Ice sheet modeling

Estimating current and future ice sheet contributions to sea level rise is a very active area of research, and despite recent advances in ice sheet modeling, key controlling aspects of ice dynamics, such as basal friction or ice hardness, are still poorly understood and poorly constrained. Ice sheet models will not be reliable unless we better understand these physical processes and include them in numerical models.

Data assimilation techniques such as inverse methods, that combine ice sheet modeling and surface observations, provide the tools to tackle these questions. We have used inverse methods to investigate the patterns of basal friction under grounded ice using surface velocities derived from Satellite interferometry (Morlighem et al. 2011). More recently, we have applied these techniques at the scale of Antarctica (Morlighem et al. 2013) and we discovered that basal sliding is widespread beneath the Antarctic Ice Sheet. This suggests that coastal perturbations may be transmitted further inland than expected.


Our group has co-founded the Ice Sheet System Model in partnership between UC Irvine and the NASA Jet Propulsion Laboratory. ISSM is a large scale, high-resolution, massively parallelized finite element model dedicated to ice sheet modeling and is our primary tool to address the science questions we are interested in.



Calving Dynamics

Warmer ocean waters trigger ice-front retreats of marine-terminating glaciers, and the corresponding loss in resistive stress leads to glacier acceleration and thinning. We have implemented a level-set based method to track moving boundaries within our ice sheet model. More work is needed to find a universal calving law, the holy grail of ice sheet modelers…

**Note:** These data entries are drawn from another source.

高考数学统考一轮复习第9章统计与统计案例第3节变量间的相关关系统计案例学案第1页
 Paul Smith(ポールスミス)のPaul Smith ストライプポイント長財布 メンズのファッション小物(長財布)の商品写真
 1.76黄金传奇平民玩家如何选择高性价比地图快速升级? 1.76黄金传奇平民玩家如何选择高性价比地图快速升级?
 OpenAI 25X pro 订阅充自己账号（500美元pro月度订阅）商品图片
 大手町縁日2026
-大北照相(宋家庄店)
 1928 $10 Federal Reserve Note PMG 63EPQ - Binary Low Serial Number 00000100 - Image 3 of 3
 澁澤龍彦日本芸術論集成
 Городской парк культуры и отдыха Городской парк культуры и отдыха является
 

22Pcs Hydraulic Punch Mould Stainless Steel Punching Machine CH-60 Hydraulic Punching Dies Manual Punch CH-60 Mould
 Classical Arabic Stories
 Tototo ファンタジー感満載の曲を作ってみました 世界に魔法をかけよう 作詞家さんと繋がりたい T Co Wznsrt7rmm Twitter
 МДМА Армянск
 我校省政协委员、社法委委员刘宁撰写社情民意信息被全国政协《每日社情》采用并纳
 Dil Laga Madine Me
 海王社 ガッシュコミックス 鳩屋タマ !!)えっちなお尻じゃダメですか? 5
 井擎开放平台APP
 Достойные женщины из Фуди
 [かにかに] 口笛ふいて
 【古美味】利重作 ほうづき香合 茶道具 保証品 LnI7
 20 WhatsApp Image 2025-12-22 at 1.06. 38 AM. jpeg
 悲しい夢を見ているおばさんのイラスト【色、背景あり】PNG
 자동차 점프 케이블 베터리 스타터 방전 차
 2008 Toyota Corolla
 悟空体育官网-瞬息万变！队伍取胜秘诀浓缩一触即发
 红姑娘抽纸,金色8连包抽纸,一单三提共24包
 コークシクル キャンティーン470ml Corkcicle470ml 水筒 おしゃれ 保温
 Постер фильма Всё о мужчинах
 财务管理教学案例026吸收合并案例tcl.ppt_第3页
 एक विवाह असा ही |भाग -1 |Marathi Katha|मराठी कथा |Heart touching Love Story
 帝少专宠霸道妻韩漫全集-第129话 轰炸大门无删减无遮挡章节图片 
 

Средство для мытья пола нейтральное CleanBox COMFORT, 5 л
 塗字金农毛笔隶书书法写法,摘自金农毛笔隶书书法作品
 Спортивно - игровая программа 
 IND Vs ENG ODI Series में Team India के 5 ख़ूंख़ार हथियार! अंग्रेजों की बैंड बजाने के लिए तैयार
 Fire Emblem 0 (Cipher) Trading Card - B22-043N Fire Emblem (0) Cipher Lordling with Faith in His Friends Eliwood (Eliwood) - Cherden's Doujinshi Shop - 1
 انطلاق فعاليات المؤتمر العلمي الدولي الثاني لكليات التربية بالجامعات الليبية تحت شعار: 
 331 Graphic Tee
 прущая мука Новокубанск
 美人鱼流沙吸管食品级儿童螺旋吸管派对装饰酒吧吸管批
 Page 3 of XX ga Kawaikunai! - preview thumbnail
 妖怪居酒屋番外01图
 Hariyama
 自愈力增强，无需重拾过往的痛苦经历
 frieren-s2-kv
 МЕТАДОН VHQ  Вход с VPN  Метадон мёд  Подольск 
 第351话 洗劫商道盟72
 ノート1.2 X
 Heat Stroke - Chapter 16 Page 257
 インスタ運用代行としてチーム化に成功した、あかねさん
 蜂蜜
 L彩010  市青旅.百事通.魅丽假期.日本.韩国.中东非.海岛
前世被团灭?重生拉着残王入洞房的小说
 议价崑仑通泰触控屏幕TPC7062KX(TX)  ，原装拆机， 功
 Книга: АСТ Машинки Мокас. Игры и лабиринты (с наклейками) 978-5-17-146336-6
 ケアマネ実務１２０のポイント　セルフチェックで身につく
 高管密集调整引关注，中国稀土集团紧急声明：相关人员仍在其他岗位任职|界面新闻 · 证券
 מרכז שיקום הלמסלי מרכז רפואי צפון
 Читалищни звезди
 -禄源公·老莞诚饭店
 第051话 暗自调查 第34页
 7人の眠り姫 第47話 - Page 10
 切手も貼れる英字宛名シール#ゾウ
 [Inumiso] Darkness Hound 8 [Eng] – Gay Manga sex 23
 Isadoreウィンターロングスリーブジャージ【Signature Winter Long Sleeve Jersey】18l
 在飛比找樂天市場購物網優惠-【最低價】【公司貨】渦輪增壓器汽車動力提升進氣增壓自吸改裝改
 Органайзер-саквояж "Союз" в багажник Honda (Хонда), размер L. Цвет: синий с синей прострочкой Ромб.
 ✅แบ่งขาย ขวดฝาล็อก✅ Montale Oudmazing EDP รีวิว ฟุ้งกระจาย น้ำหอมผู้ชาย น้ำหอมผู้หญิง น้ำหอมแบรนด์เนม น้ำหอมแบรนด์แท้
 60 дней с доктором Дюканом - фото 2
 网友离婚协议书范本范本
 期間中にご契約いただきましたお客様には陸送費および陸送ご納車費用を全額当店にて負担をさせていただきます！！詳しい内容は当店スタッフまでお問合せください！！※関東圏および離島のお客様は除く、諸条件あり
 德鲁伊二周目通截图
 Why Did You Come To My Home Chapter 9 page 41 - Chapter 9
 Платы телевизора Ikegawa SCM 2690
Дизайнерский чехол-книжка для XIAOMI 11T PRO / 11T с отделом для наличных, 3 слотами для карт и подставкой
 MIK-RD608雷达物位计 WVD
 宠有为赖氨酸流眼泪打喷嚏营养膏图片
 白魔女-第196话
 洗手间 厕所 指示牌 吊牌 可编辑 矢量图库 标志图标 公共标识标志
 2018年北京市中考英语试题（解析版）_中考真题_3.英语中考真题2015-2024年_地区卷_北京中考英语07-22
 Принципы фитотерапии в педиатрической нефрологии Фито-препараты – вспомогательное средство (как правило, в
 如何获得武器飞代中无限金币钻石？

Bed topography inferred from mass conservation

We have devised a new method to infer the bed topography beneath the ice sheets at high resolution (150 m) based on the conservation of mass and optimization. The traditional method for interpolating ice thickness data from airborne radar sounding surveys onto regular grids is to employ geostatistical techniques such as kriging. While this approach provides continuous and seamless maps of ice thickness, it generates products that are not consistent with ice flow dynamics and are impractical for high-resolution ice flow simulations. Recently, we mapped the entire coast of Greenland (Morlighem et al. 2014) and showed that glaciers flow down well-defined, deep topographic channels with deep narrow depressions within mountain block landscapes, suggesting that the ice sheet will be vulnerable to more rapid retreat in the coming century than previously thought.